▼
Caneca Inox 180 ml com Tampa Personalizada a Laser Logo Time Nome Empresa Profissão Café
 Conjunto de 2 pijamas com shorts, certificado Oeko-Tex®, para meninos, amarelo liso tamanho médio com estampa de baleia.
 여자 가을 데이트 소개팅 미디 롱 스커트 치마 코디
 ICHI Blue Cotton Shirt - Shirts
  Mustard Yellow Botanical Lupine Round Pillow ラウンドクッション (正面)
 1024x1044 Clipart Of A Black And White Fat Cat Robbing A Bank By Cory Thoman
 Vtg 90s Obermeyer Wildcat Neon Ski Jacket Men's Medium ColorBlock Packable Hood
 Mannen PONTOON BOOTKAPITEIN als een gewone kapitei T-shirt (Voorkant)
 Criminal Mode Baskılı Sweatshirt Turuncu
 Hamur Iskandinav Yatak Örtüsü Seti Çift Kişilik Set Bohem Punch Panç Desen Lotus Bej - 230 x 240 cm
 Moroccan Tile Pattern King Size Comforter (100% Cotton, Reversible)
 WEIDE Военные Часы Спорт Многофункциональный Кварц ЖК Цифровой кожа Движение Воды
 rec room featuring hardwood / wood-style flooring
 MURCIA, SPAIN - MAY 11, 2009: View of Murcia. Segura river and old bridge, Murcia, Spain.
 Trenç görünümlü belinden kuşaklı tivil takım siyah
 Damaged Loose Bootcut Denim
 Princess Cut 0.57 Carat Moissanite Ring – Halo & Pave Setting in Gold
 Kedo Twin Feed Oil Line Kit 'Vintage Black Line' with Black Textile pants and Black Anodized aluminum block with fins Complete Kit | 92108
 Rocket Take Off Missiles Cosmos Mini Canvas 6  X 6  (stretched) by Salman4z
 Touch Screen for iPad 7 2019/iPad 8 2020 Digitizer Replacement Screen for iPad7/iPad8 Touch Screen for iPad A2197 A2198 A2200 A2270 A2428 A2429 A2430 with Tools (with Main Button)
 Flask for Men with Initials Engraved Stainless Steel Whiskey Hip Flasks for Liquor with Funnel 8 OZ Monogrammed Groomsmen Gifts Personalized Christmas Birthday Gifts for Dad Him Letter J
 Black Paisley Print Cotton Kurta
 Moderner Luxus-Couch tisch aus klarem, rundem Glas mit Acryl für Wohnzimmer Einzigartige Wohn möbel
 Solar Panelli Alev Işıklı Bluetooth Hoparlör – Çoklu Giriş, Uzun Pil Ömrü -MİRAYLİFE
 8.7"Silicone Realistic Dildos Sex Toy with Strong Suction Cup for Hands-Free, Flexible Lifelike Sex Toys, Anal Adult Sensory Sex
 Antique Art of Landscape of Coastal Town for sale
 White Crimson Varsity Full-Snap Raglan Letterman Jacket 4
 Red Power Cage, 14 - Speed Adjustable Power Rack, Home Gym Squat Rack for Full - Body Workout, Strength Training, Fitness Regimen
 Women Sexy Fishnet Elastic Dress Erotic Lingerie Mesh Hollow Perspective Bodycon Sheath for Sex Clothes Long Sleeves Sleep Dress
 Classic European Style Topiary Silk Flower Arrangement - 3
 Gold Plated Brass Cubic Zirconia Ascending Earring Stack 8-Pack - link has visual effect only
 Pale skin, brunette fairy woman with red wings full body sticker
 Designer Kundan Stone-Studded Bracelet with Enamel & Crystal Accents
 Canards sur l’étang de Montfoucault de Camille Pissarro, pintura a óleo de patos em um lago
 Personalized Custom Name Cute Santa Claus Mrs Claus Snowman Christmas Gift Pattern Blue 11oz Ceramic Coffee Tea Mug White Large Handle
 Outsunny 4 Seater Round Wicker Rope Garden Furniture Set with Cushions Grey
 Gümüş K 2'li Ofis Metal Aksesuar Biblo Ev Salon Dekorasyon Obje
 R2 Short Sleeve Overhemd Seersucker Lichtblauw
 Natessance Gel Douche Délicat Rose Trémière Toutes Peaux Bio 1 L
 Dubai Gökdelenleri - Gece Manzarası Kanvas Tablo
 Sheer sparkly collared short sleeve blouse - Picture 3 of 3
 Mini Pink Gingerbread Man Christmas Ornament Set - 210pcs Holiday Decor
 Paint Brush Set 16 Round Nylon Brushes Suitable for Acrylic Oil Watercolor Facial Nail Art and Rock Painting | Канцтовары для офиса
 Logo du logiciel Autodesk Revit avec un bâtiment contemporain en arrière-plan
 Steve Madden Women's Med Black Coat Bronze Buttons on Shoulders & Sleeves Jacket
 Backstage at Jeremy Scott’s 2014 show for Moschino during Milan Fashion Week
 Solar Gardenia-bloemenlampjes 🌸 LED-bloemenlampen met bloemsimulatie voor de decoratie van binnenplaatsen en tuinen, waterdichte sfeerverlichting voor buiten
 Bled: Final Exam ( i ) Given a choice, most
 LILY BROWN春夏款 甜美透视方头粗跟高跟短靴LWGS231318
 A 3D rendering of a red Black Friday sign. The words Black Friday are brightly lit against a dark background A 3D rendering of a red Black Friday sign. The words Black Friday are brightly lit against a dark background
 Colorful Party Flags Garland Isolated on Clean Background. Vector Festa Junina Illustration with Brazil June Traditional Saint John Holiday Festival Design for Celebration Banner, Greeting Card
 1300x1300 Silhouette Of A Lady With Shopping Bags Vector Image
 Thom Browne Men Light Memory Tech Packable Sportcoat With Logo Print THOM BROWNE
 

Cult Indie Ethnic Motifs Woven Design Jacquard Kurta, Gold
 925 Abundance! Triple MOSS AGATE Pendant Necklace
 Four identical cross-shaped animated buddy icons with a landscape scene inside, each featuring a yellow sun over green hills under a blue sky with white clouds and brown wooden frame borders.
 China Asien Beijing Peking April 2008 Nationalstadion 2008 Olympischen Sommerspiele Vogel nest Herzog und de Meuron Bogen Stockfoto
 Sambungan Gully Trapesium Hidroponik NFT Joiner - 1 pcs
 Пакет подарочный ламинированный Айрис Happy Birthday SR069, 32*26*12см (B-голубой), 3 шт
▲
# WHAT TO PRODUCE
Of all the entries above, retype exactly the lines from the line with "Princess Cut 0.57" to the line with "Rocket Take Off", both included, and no others.

# RESULT
 Princess Cut 0.57 Carat Moissanite Ring – Halo & Pave Setting in Gold
 Kedo Twin Feed Oil Line Kit 'Vintage Black Line' with Black Textile pants and Black Anodized aluminum block with fins Complete Kit | 92108
 Rocket Take Off Missiles Cosmos Mini Canvas 6  X 6  (stretched) by Salman4z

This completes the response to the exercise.